Introduction: Obstructive sleep apnea (OSA) has been associated with daytime somnolence, metabolic syndrome, hypertension, other cardiovascular morbidity and all-cause mortality. Continuous Positive Airway Pressure (CPAP) is the standard treatment for OSA, although adherence is around 70%. The implantable hypoglossal nerve stimulating (HNS) device has been used in patients with difficulty tolerating CPAP. It has shown to improve OSA by improving collapse of the velopharynx in the upper airway during sleep. The HNS pulse generator is generally on the right side of the body to preserve the left side for potential cardiac pacemakers and defibrillators. Several studies show positive result in concomitant use of HNS and other devices, such as an implantable cardiac defibrillator (ICD). Other studies have demonstrated implantable device malfunctions such as neuromodulating devices following use of cardioverter defibrillator devices. Here, we present a case which reveals impaired functionality of an implantable HNS in a patient with obstructive sleep apnea following use of Automated External Defibrillator (AED). To our knowledge there is no report in the literature regarding use of AED and its impact on an upper airway implantable pulse generator (IPG).

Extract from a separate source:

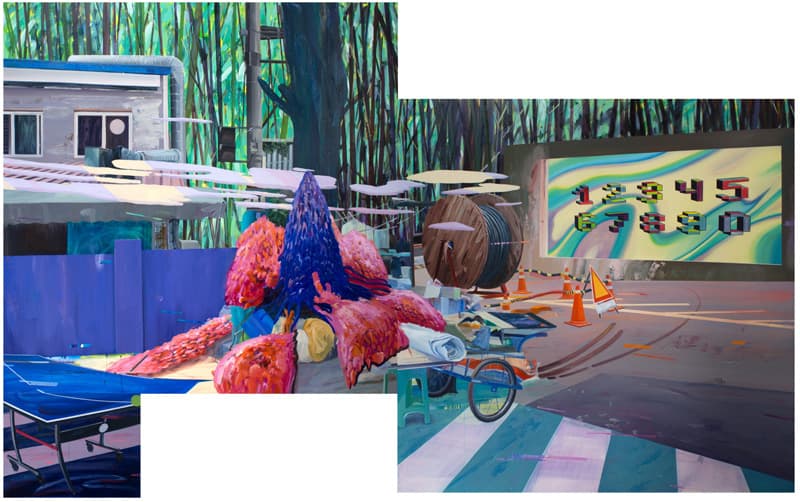 홍세진_, 다시 하나, 둘_캔버스에 유채_175.3x260.6cm_2018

Case: 71-year-old male with history of severe OSA with apnea-hypopnea index of 57 and low O2 saturation of 77% refractory to CPAP use, septoplasty, inferior turbinate reduction and expansion pharyngoplasty who underwent HNS placement with low O2 saturation improvement to 83%, and AHI of 58. The patient presented following a motor vehicle collision causing closed fracture of tenth thoracic vertebra and right hemothorax. Prior to surgical correction, patient developed hypoxic respiratory failure followed by Atrial fibrillation with rapid ventricular response and cardiogenic shock. He was cardioverted twice until stabilized. Following this event, patient noticed that his IPG device was no longer functional. Upon multiple HNS interrogations, the device was found to be permanently non-functional. Patient was re-evaluated and is currently in process of arranging replacement of the device but until then agreed to use his CPAP.

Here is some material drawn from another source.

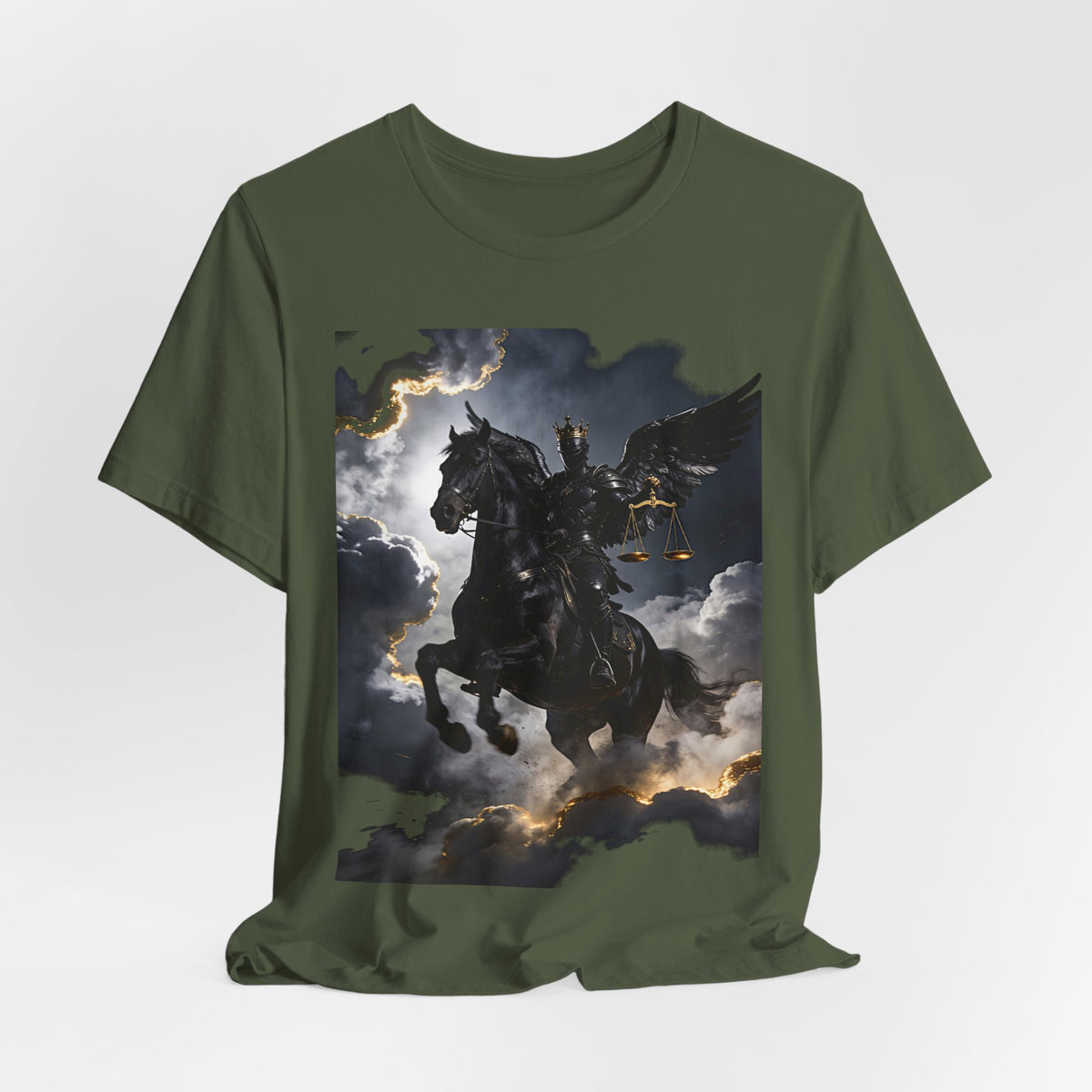The black horse from Revelation 6:5-6 One of four T-shirt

Conclusion: Possible unfamiliarity of medical staff with the existence of the upper airway stimulator device as well as the urgent need for use of an AED may lead to overlooking the impact of external electrical defibrillator on other implantable pulse generator(s). Further study is needed to demonstrate protection of upper airway stimulating devices at the time of cardioverting patients with such existing devices.